Goal of the exercise = Below are records; count the lines that contain "Logo" and give only the total.

Source data =
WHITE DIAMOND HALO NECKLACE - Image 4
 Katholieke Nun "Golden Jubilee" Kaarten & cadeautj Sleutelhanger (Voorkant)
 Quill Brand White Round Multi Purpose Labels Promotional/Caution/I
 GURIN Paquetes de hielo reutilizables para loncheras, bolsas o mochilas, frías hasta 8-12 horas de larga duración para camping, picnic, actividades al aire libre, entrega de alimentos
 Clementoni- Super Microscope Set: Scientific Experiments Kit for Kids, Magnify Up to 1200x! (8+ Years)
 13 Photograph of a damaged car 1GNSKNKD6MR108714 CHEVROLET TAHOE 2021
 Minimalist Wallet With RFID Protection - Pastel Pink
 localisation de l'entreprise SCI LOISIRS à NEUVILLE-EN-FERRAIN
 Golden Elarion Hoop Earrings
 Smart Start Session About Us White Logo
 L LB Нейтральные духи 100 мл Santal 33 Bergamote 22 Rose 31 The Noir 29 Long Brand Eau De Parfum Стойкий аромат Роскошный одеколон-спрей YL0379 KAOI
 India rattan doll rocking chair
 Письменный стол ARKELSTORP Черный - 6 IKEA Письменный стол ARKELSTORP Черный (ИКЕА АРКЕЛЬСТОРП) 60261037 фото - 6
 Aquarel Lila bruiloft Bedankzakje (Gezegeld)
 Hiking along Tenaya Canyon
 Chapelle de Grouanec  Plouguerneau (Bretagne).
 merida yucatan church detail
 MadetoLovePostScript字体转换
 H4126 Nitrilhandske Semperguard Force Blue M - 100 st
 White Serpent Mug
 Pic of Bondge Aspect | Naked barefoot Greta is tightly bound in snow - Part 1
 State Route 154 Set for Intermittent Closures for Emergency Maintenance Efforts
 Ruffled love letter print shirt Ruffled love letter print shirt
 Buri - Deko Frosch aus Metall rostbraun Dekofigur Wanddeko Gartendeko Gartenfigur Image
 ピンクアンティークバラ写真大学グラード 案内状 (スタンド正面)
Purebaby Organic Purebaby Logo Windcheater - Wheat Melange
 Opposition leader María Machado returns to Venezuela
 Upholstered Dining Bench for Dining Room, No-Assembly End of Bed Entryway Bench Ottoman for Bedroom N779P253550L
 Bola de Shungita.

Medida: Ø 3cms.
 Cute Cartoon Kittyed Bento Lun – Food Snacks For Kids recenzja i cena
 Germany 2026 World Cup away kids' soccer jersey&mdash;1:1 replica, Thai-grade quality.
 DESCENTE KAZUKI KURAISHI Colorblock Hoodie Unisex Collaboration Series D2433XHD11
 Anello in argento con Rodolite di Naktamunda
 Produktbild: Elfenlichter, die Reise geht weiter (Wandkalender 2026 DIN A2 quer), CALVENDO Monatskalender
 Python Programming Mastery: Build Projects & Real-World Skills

Problem solution = 2